### Records for this task
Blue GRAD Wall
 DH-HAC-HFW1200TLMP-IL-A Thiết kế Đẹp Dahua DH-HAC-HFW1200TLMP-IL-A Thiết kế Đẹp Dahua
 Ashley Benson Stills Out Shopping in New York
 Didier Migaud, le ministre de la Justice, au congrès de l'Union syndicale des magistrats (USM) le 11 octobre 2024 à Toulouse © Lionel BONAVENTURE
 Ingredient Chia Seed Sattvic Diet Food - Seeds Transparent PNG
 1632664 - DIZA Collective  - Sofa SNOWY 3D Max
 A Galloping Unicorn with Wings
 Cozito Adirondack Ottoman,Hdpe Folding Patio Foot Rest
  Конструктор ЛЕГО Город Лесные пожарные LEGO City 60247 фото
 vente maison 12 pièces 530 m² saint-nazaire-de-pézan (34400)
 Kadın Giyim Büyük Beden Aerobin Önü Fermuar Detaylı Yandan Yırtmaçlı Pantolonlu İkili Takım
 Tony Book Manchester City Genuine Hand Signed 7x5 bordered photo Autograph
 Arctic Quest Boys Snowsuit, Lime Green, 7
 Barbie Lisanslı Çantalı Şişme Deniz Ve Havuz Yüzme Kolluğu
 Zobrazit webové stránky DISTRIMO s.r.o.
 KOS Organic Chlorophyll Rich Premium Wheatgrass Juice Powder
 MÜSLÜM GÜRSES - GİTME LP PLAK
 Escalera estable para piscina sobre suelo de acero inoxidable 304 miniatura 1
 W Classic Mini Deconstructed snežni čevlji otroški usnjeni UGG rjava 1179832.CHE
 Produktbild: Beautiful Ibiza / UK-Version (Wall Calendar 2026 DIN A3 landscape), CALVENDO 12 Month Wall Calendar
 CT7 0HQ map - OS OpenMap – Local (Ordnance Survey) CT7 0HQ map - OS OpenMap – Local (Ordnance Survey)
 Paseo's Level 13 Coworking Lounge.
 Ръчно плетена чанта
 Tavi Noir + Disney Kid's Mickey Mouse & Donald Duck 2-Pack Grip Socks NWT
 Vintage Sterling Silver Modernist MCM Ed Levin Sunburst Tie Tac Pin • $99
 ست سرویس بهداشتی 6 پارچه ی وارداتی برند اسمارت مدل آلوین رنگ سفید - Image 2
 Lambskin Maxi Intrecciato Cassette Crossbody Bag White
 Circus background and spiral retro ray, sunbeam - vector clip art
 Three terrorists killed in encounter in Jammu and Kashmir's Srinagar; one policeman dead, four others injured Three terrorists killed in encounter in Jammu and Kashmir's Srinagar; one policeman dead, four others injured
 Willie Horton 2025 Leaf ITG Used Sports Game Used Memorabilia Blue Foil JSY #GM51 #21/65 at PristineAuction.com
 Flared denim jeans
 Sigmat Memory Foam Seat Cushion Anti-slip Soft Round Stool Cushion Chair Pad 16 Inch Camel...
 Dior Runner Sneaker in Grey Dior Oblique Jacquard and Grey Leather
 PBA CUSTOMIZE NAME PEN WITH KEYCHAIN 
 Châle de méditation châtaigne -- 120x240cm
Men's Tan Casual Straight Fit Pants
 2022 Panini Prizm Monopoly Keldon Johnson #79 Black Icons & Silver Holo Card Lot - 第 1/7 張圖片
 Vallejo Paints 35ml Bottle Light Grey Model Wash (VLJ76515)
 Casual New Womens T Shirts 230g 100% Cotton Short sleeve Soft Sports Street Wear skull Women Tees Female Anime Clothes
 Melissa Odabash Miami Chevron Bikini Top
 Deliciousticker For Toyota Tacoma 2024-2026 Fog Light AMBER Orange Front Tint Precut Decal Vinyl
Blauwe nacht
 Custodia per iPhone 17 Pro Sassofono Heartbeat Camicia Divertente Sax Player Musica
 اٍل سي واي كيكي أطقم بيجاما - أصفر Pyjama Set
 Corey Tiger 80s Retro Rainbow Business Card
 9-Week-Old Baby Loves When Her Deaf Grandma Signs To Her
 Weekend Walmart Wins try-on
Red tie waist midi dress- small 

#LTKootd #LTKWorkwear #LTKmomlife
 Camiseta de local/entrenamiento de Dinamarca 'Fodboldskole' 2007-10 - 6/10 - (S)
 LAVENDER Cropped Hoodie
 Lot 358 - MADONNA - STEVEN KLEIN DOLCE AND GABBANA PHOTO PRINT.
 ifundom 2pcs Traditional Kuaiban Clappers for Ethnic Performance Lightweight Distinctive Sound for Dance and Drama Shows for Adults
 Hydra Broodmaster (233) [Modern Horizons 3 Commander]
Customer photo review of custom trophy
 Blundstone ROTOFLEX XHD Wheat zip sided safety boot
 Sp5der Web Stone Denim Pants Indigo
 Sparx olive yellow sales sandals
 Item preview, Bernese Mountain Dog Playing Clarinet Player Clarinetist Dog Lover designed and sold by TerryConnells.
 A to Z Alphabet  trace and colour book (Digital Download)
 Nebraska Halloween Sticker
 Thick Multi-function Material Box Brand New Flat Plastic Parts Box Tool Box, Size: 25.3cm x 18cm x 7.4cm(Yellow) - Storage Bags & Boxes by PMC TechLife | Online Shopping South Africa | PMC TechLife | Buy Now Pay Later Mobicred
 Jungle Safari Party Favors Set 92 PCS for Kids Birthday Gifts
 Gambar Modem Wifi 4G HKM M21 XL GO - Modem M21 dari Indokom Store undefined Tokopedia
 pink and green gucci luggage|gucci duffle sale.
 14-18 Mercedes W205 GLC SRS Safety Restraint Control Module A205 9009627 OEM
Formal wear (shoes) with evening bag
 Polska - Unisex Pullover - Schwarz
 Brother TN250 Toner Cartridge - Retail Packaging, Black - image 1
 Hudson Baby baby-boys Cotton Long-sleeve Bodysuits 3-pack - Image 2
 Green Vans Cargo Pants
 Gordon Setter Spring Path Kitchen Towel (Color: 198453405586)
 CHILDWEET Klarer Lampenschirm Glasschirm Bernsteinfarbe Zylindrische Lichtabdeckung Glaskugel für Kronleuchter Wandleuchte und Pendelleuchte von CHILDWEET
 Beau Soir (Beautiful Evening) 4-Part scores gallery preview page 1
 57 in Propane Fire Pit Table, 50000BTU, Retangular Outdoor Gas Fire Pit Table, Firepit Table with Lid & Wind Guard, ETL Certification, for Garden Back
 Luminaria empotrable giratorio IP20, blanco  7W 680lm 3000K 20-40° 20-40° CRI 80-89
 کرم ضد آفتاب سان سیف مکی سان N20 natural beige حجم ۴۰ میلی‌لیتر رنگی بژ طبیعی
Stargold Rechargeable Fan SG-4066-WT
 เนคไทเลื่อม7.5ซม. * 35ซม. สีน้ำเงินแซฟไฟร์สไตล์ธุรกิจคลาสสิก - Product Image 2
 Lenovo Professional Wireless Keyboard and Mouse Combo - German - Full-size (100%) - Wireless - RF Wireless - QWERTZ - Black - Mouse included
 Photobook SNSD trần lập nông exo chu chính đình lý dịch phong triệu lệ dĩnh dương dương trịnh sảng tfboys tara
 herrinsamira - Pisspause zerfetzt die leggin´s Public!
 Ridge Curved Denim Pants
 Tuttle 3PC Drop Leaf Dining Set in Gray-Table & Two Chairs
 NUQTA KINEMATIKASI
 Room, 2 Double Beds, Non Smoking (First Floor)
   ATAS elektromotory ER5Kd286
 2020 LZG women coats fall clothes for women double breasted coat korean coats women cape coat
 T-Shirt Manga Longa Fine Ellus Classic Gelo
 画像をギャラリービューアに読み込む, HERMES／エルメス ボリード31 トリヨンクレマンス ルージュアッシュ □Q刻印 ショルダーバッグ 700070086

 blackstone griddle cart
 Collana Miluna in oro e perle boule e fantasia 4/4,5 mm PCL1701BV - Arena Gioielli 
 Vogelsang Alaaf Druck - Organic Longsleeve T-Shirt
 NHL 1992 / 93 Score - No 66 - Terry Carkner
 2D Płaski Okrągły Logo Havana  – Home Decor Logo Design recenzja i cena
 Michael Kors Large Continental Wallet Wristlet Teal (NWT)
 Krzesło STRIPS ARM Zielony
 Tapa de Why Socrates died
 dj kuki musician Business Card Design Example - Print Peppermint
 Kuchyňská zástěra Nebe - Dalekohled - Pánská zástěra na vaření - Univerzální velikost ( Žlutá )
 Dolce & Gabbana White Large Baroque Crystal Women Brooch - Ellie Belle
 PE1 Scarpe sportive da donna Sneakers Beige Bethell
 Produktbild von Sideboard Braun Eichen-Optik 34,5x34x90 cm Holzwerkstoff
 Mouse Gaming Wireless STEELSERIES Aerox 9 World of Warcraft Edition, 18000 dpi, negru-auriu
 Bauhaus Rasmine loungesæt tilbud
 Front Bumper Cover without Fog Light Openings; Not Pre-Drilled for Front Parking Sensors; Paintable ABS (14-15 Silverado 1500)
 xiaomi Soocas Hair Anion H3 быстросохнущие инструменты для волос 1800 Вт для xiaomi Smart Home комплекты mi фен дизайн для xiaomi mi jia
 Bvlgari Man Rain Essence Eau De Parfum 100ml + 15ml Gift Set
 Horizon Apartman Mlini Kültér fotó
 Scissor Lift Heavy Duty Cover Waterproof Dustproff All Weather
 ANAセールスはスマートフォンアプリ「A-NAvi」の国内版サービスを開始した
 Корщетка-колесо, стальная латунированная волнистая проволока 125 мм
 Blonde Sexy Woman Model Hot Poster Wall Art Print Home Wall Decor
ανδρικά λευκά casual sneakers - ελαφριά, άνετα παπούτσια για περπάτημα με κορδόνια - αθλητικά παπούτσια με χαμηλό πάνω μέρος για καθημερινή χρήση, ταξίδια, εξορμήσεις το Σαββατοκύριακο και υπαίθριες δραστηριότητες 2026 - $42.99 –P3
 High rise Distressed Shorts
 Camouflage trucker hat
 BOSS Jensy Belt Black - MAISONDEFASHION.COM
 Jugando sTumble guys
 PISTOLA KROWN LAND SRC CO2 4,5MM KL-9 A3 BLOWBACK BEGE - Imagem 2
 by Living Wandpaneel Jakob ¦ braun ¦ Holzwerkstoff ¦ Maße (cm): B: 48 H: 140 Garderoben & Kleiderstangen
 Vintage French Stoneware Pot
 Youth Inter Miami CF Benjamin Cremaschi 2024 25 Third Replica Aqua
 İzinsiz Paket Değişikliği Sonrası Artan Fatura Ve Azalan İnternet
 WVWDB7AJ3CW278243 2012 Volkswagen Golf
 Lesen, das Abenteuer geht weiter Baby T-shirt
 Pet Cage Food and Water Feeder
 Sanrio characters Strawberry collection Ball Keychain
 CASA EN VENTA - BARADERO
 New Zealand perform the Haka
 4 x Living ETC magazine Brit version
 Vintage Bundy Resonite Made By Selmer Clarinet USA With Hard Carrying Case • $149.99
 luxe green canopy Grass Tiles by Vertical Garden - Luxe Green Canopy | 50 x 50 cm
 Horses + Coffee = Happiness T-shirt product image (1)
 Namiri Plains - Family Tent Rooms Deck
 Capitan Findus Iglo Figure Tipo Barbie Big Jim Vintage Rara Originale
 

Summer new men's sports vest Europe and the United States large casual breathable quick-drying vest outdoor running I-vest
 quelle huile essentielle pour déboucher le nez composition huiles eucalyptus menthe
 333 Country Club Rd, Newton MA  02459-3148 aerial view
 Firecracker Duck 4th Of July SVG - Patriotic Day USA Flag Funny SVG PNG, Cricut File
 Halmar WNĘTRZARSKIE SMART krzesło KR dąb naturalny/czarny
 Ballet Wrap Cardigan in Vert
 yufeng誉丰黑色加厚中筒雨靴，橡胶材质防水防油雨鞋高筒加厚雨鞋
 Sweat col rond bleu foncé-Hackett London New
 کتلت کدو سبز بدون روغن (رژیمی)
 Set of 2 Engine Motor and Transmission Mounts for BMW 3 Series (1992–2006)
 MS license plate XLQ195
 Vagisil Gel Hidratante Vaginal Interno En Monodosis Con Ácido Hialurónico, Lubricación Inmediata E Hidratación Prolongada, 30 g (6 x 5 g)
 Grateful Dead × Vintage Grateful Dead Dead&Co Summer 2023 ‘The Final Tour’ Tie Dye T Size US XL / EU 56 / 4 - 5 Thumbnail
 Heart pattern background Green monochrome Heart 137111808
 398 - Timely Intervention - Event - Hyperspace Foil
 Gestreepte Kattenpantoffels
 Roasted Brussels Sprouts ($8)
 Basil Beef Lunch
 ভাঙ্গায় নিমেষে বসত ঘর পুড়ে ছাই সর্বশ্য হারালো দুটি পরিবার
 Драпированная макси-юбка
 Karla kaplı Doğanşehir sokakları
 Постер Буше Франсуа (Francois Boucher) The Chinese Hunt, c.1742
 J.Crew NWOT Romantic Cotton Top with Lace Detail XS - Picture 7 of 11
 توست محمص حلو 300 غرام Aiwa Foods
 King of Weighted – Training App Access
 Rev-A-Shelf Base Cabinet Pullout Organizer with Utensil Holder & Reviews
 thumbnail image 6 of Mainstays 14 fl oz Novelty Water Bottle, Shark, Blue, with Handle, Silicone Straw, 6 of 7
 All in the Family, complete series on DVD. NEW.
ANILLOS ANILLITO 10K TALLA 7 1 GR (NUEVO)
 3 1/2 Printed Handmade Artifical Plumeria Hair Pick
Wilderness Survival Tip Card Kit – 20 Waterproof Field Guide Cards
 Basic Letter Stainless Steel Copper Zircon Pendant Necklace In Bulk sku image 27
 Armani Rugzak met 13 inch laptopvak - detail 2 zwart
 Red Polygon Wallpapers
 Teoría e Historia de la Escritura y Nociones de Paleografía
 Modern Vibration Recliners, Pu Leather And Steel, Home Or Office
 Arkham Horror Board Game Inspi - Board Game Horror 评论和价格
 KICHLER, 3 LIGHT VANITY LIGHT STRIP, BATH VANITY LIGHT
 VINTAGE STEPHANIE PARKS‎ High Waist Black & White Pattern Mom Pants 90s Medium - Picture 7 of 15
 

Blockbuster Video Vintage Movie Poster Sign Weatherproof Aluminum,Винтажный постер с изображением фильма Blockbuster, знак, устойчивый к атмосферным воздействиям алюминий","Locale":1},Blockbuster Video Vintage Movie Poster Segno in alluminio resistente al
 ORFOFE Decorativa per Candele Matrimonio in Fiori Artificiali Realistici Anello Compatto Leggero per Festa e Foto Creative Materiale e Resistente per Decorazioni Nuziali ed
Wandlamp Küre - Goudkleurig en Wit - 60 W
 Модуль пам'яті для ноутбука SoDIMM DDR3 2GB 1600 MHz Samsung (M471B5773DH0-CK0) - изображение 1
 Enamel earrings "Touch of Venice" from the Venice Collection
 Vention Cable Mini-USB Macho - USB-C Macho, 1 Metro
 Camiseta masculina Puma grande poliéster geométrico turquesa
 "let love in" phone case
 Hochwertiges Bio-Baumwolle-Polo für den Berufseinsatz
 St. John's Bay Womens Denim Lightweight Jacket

### Brief
Pull from the data each line where the string "High" turns up.

### Solution
 High rise Distressed Shorts
 VINTAGE STEPHANIE PARKS‎ High Waist Black & White Pattern Mom Pants 90s Medium - Picture 7 of 15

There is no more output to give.